2. China. Growth in the world’s second-largest economy has slowed significantly (Chart 1). As growth slows, the Chinese government continues to pump in fixed asset-led investment to stay about the 7% gross domestic product (GDP) growth standard, which can potentially lead to asset bubbles.
3. Earnings. Emerging market corporate profitability has declined since 2010 (Chart 2), whereas the profitability of developed market companies remains flat.
The China Syndrome
Even as EMs continue to pick up steam and recover from the woes of 2013, the slowdown in China is still very much on investors’ minds. According to Kaloo, a major crisis in China would arise in one of two scenarios: a liquidity crisis caused by depositors fleeing and a banking collapse, or a solvency crisis caused by unbearable debt. “In the case of China,” Kaloo said, “the likelihood of either of those crises actually occurring is pretty minimal.” China’s financial system is funded domestically, and the Chinese government is to cover outstanding debt. Overall, Kaloo believes that fears over a hard landing in China are “overblown.”
Doctor, is there hope of a recovery?
Kaloo noted that emerging markets—like their developed market counterparts—have not been immune to downturns. Over the past two decades, they suffered the 1994 “tequila crisis” in Mexico and the 2007-09 global financial crisis (Chart 3). Kaloo argued that the recent downturn is similar to the others—cyclical, not structural, and likely soon to pass. “Somehow we always seem to stagger back,” Kaloo said. “When you actually look at any longer track record for emerging markets you can see that despite the volatility, despite the risks, emerging markets have been a better place to invest for the longer term than developed markets.”
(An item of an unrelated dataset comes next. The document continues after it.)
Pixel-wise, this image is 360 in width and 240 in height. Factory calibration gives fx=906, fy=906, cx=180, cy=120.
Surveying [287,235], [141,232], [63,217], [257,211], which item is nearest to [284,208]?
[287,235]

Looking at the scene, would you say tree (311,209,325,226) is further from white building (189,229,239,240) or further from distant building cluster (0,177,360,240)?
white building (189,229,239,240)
Elaborating on the cyclical nature of the latest downturn, Kaloo pointed to the post-crisis growth of emerging economies. After the crisis, EMs (and the companies within them) grew quickly. This resulted in a sharp rise in imports, paired with flat export growth—an unsustainable model, in Kaloo’s view. On the upside, trade balances have improved since the start of 2014 and have mainly balanced, with EM (ex-China) slightly outpacing the “fragile five”— India, Indonesia, Turkey, South Africa and Brazil.
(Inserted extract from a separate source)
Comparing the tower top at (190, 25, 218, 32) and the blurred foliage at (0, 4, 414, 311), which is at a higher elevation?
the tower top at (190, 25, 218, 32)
For much of 2013, investors worried about the future of those countries. In 2014, their economies have improved dramatically. In Kaloo’s view, these economies have been forced to tackle their issues “the old-fashioned way”—by slowing the growth of credit and raising interest rates.
Kaloo concluded that being negative on emerging markets is the popular but misguided view of the moment. “What is happening in emerging markets is a cyclical adjustment,” he reaffirmed in closing. “These things happen. The cost of capital is going up and it’s forcing discipline on many companies and countries and they are adjusting.” Emerging markets continue to see an emergence of a new “business class” who understand what is necessary to build a profitable business.
Kalooreinforced that investing in emerging markets is always about companies, not countries. With emerging market companies refocusing on their operating margins, he expects profits to improve significantly within a year. Citing improving balance sheets, hopeful election results and a return to profitability, Aberdeen’s Head of Global Emerging Markets finally assigned a positive prognosis: emerging markets are alive and kicking.
Devan Kaloo joined Aberdeen in 2000 on the Asian portfolio team before becoming responsible for the Asian ex Japan region as well as regional portfolios within emerging market mandates and technology stocks. Previously, Devan worked on the North American desk before transferring to the global asset allocation team and then Asian portfolios. Devan graduated with a MA (Hons) in Management and International Relations from The University of St Andrews and a postgraduate degree in Investment Analysis from The University of Stirling.